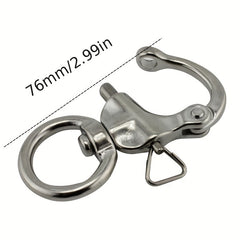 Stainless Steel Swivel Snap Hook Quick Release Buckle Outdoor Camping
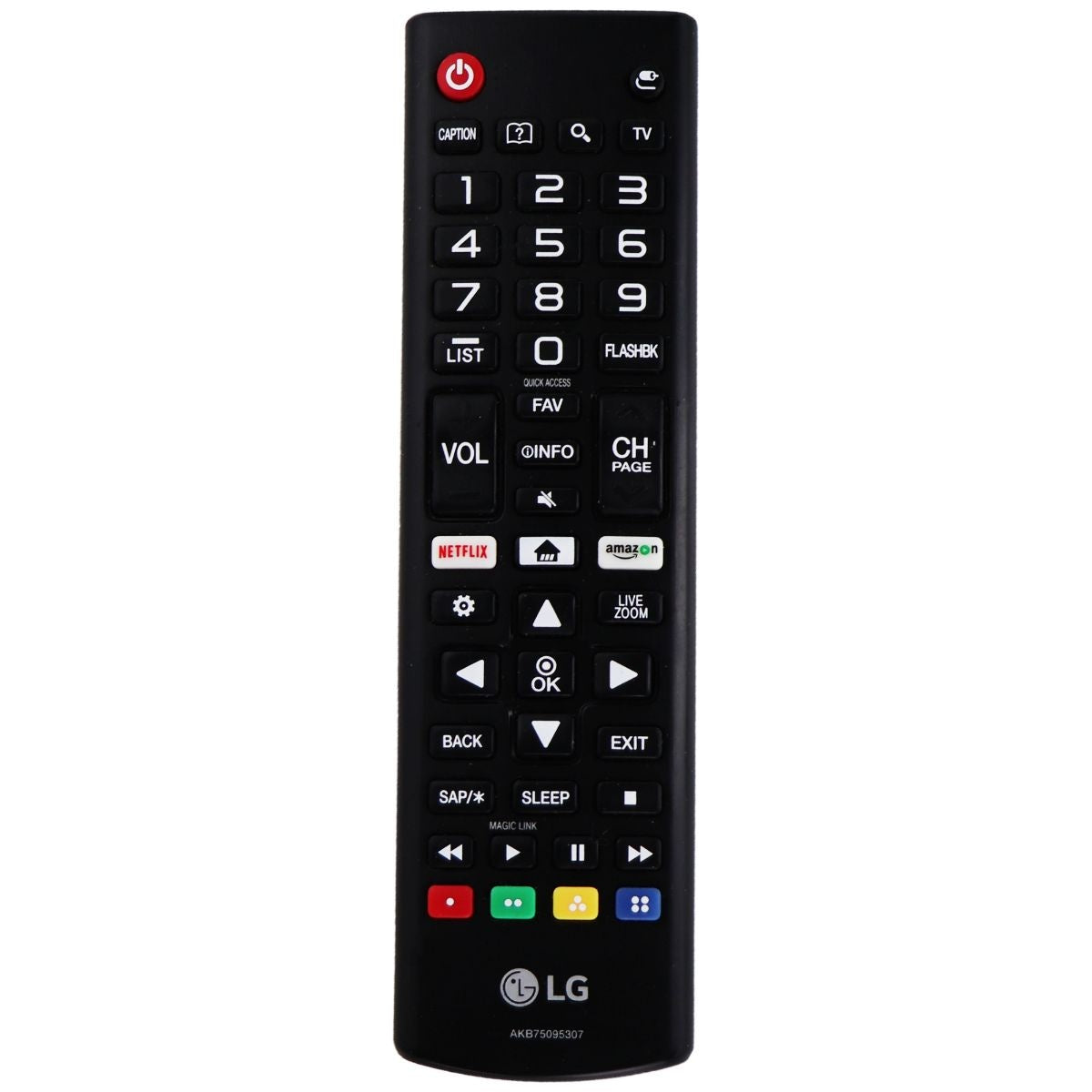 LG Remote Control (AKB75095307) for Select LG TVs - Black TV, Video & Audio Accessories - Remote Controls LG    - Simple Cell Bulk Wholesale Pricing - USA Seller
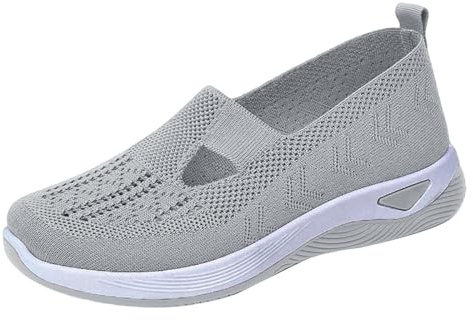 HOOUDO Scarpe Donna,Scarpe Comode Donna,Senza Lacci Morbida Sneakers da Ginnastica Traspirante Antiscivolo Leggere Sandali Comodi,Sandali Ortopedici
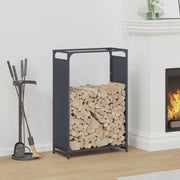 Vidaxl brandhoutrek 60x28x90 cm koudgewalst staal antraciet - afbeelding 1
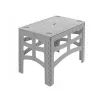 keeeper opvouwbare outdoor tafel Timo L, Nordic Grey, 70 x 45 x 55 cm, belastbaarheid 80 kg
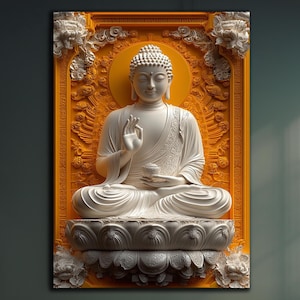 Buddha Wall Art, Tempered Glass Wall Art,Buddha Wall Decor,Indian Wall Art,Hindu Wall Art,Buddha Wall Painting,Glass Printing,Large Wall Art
—————
- Required work
Once the line holding "LG Remote Control" is found, copy it and each later line exactly through the end of the data, leaving out the pictures.

- Reply to the exercise
 LG Remote Control (AKB75095307) for Select LG TVs - Black TV, Video & Audio Accessories - Remote Controls LG    - Simple Cell Bulk Wholesale Pricing - USA Seller
 HOOUDO Scarpe Donna,Scarpe Comode Donna,Senza Lacci Morbida Sneakers da Ginnastica Traspirante Antiscivolo Leggere Sandali Comodi,Sandali Ortopedici
 Vidaxl brandhoutrek 60x28x90 cm koudgewalst staal antraciet - afbeelding 1
 keeeper opvouwbare outdoor tafel Timo L, Nordic Grey, 70 x 45 x 55 cm, belastbaarheid 80 kg
 Buddha Wall Art, Tempered Glass Wall Art,Buddha Wall Decor,Indian Wall Art,Hindu Wall Art,Buddha Wall Painting,Glass Printing,Large Wall Art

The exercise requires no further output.